* **SOURCE DATA**:
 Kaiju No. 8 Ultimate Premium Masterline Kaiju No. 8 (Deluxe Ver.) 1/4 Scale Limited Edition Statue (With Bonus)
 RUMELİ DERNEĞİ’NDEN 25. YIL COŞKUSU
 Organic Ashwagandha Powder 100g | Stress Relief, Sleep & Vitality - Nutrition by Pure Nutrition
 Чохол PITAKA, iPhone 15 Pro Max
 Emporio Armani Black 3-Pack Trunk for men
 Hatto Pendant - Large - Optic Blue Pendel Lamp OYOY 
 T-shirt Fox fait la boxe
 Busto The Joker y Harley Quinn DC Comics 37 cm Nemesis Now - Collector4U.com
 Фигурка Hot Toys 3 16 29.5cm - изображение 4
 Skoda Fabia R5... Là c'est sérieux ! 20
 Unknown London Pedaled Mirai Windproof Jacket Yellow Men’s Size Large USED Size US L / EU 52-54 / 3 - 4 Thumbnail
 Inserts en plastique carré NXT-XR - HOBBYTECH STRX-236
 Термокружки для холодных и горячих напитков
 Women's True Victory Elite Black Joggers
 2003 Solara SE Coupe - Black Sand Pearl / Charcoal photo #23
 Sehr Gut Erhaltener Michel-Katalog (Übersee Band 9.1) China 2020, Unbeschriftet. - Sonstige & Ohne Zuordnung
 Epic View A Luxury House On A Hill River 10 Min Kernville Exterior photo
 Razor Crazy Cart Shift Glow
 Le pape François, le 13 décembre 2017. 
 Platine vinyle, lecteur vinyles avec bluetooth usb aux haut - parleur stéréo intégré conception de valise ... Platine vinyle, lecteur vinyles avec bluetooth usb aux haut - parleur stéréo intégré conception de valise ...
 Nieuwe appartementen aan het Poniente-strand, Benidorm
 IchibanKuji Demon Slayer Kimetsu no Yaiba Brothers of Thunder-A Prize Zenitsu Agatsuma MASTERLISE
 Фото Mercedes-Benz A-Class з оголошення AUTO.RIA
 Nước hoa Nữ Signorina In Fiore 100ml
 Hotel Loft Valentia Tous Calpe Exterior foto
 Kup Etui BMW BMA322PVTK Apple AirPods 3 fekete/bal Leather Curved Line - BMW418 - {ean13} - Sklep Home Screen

* **EXERCISE DESCRIPTION**:
Output the material verbatim, including every line.

* **YOUR SOLUTION**:
 Kaiju No. 8 Ultimate Premium Masterline Kaiju No. 8 (Deluxe Ver.) 1/4 Scale Limited Edition Statue (With Bonus)
 RUMELİ DERNEĞİ’NDEN 25. YIL COŞKUSU
 Organic Ashwagandha Powder 100g | Stress Relief, Sleep & Vitality - Nutrition by Pure Nutrition
 Чохол PITAKA, iPhone 15 Pro Max
 Emporio Armani Black 3-Pack Trunk for men
 Hatto Pendant - Large - Optic Blue Pendel Lamp OYOY 
 T-shirt Fox fait la boxe
 Busto The Joker y Harley Quinn DC Comics 37 cm Nemesis Now - Collector4U.com
 Фигурка Hot Toys 3 16 29.5cm - изображение 4
 Skoda Fabia R5... Là c'est sérieux ! 20
 Unknown London Pedaled Mirai Windproof Jacket Yellow Men’s Size Large USED Size US L / EU 52-54 / 3 - 4 Thumbnail
 Inserts en plastique carré NXT-XR - HOBBYTECH STRX-236
 Термокружки для холодных и горячих напитков
 Women's True Victory Elite Black Joggers
 2003 Solara SE Coupe - Black Sand Pearl / Charcoal photo #23
 Sehr Gut Erhaltener Michel-Katalog (Übersee Band 9.1) China 2020, Unbeschriftet. - Sonstige & Ohne Zuordnung
 Epic View A Luxury House On A Hill River 10 Min Kernville Exterior photo
 Razor Crazy Cart Shift Glow
 Le pape François, le 13 décembre 2017. 
 Platine vinyle, lecteur vinyles avec bluetooth usb aux haut - parleur stéréo intégré conception de valise ... Platine vinyle, lecteur vinyles avec bluetooth usb aux haut - parleur stéréo intégré conception de valise ...
 Nieuwe appartementen aan het Poniente-strand, Benidorm
 IchibanKuji Demon Slayer Kimetsu no Yaiba Brothers of Thunder-A Prize Zenitsu Agatsuma MASTERLISE
 Фото Mercedes-Benz A-Class з оголошення AUTO.RIA
 Nước hoa Nữ Signorina In Fiore 100ml
 Hotel Loft Valentia Tous Calpe Exterior foto
 Kup Etui BMW BMA322PVTK Apple AirPods 3 fekete/bal Leather Curved Line - BMW418 - {ean13} - Sklep Home Screen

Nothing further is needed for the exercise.